▸ What you should do
From the line with "Black sleeveless midi" through the line with "Pegatina Cuadrada Retro", inclusive, return each line of the data below exactly and leave the rest out.
____
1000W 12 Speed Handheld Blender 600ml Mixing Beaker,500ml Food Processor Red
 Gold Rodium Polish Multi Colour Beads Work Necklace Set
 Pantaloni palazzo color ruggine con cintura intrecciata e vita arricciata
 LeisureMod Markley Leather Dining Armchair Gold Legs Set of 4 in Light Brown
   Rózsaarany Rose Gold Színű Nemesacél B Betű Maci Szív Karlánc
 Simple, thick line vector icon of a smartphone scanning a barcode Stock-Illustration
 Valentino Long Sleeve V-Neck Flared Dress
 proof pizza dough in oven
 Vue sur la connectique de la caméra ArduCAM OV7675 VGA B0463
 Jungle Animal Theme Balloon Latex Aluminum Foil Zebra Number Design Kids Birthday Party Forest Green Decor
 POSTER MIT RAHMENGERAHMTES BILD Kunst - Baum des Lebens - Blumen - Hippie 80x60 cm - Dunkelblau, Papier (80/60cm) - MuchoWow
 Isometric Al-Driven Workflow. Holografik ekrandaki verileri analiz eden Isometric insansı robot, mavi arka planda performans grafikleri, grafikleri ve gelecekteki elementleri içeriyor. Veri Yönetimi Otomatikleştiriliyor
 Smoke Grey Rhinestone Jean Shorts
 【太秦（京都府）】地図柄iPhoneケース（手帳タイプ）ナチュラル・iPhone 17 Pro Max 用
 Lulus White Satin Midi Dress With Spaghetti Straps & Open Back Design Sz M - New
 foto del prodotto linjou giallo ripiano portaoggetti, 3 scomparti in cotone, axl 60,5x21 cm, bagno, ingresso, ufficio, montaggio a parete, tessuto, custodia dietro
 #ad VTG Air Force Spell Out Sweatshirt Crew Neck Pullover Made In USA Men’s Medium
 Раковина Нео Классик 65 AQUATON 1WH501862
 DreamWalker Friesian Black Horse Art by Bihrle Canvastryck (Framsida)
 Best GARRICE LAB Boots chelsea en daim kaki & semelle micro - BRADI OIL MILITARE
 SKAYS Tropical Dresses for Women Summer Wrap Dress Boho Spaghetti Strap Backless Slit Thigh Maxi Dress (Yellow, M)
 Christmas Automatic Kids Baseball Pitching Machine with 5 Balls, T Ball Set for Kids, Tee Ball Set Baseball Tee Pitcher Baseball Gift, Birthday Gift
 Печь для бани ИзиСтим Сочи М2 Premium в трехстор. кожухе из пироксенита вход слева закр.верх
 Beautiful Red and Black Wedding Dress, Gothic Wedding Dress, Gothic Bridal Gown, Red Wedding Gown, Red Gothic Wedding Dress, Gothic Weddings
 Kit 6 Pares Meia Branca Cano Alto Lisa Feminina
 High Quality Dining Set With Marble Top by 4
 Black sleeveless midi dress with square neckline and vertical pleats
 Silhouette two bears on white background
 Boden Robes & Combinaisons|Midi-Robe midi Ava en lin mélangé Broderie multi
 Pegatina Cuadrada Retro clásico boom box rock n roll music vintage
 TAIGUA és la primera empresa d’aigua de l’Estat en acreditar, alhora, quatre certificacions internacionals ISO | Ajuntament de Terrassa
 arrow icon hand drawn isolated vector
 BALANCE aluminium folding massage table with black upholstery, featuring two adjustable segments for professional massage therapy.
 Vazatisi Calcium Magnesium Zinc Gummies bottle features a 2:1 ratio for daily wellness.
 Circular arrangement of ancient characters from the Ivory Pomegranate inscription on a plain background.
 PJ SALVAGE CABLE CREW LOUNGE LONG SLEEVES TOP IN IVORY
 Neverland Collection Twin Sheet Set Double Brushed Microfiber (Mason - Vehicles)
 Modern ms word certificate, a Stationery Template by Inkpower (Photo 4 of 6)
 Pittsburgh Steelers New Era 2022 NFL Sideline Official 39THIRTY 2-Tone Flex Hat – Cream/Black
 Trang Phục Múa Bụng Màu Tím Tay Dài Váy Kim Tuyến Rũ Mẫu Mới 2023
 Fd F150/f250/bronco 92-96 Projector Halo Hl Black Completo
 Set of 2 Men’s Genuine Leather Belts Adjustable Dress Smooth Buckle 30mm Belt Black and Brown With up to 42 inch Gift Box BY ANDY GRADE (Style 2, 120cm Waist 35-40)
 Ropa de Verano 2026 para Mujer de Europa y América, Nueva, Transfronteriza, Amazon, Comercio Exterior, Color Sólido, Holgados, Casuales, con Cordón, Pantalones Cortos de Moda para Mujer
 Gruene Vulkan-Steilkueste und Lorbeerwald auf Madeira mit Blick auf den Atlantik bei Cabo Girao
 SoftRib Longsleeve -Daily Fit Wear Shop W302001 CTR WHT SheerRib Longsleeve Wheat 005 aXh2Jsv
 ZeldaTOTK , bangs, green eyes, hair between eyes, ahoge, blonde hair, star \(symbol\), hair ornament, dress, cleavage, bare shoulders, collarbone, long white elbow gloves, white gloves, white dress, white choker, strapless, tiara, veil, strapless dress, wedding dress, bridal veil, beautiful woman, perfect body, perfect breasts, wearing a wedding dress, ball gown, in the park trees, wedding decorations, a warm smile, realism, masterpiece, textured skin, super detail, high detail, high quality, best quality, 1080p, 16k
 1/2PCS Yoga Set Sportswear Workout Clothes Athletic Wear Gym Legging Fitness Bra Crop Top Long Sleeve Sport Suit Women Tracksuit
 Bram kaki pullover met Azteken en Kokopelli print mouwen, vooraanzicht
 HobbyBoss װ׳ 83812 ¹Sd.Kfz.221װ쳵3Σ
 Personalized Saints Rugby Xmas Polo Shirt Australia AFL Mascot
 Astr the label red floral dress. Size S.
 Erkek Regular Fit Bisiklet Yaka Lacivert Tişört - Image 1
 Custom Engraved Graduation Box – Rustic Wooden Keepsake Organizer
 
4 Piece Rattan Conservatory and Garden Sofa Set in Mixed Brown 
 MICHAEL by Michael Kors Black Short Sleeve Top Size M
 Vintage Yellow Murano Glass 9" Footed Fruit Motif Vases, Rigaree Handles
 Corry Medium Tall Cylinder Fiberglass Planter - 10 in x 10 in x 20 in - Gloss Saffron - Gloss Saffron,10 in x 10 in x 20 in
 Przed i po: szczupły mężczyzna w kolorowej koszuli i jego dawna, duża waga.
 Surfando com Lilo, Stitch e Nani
____
▸ Solution to the exercise
 Black sleeveless midi dress with square neckline and vertical pleats
 Silhouette two bears on white background
 Boden Robes & Combinaisons|Midi-Robe midi Ava en lin mélangé Broderie multi
 Pegatina Cuadrada Retro clásico boom box rock n roll music vintage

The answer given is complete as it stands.